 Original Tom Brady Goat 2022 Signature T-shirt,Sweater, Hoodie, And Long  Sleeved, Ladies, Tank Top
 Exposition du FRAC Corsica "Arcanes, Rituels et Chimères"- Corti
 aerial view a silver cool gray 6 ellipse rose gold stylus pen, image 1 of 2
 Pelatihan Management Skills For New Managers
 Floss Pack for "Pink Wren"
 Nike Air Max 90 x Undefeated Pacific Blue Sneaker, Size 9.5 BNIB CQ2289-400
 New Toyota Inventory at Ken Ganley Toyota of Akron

* * *

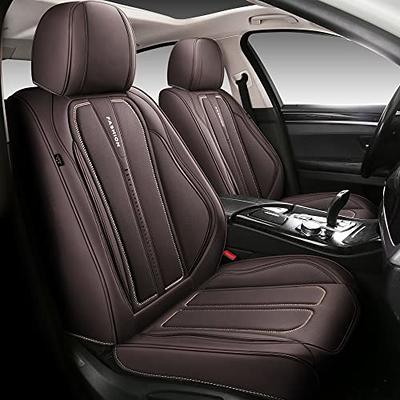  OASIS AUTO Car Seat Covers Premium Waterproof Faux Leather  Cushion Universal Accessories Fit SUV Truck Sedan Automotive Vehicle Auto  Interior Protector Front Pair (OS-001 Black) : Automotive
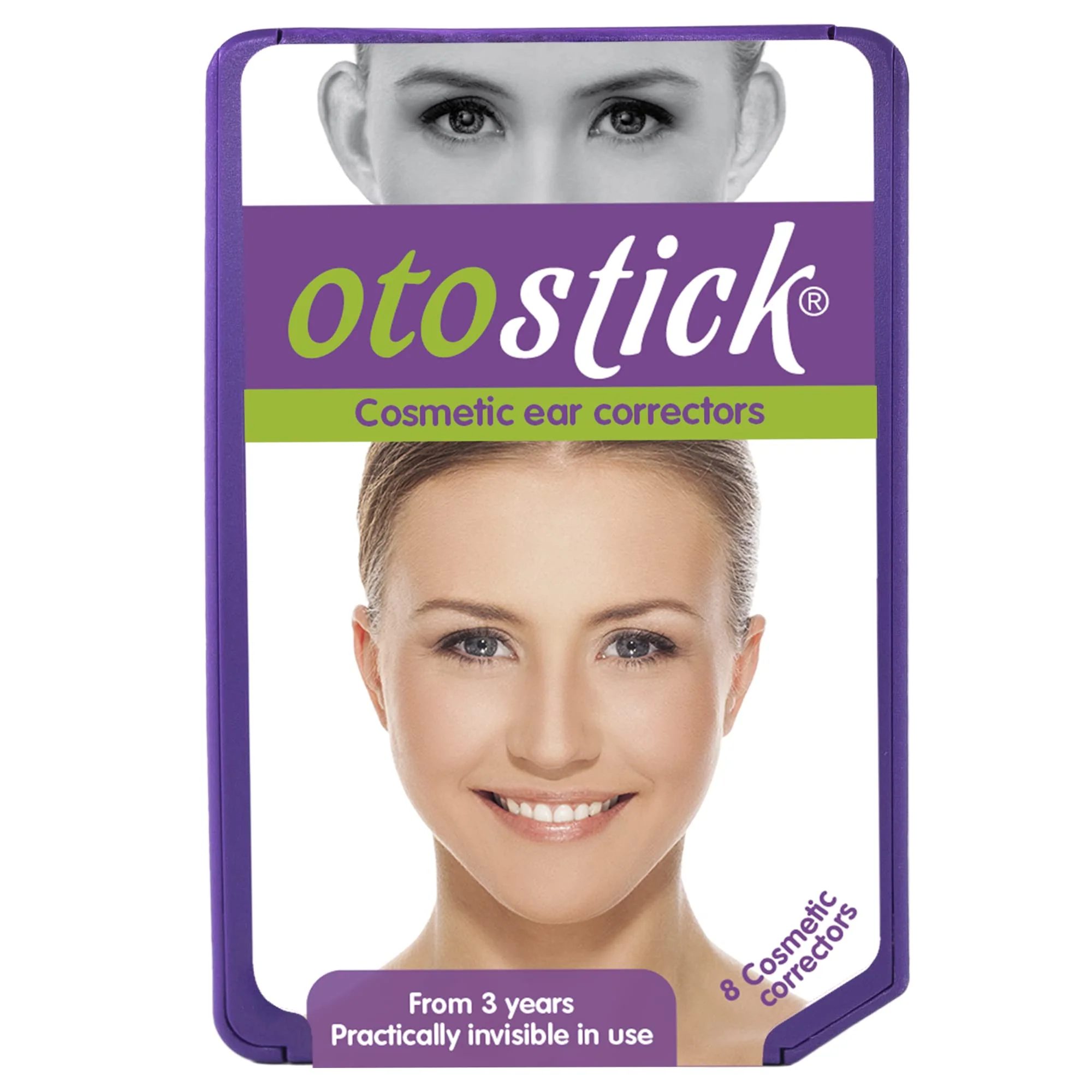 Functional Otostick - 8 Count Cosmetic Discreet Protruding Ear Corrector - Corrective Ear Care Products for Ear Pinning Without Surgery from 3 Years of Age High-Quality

==

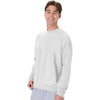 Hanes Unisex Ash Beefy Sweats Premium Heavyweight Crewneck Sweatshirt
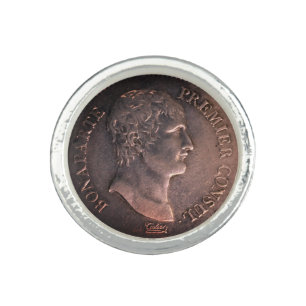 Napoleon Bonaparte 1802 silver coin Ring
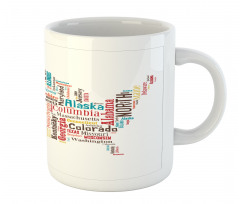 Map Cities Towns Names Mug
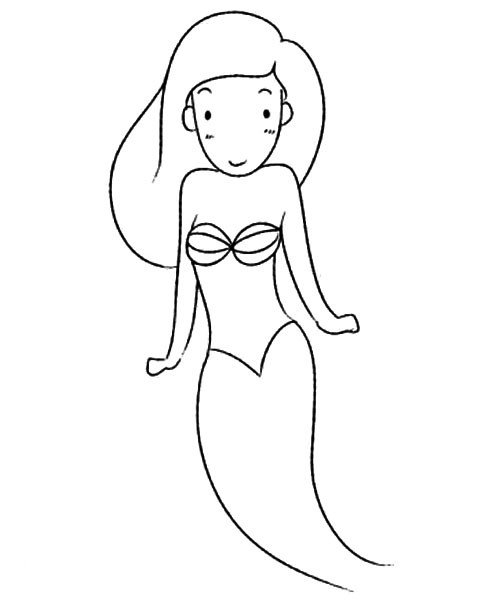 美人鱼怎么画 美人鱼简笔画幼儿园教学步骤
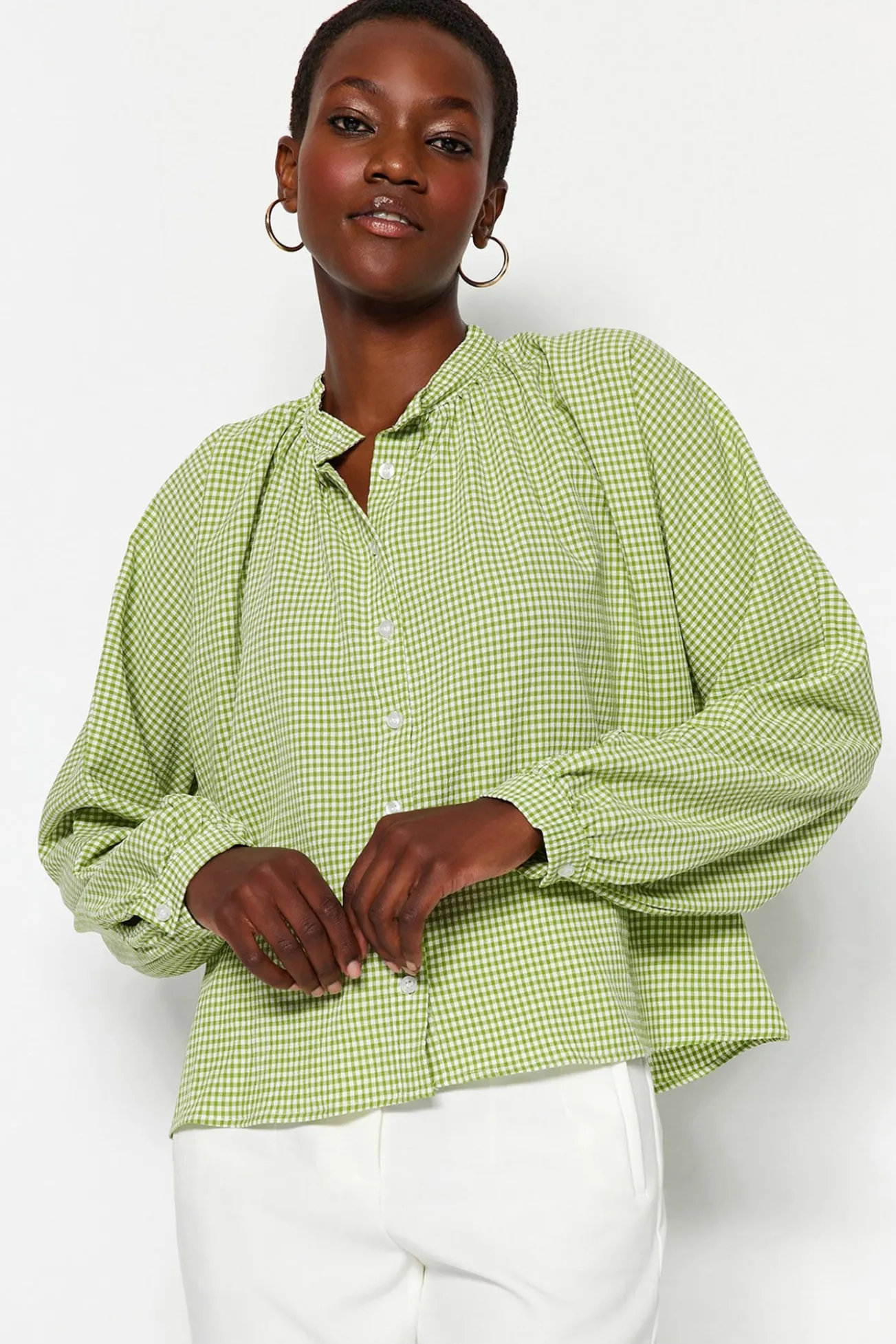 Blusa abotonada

= What the task asks =
Print exactly the lines above that run from the one with "OASIS AUTO Car" to the one with "Functional Otostick - 8", both included. No pictures.

= Written response =
  OASIS AUTO Car Seat Covers Premium Waterproof Faux Leather  Cushion Universal Accessories Fit SUV Truck Sedan Automotive Vehicle Auto  Interior Protector Front Pair (OS-001 Black) : Automotive
 Functional Otostick - 8 Count Cosmetic Discreet Protruding Ear Corrector - Corrective Ear Care Products for Ear Pinning Without Surgery from 3 Years of Age High-Quality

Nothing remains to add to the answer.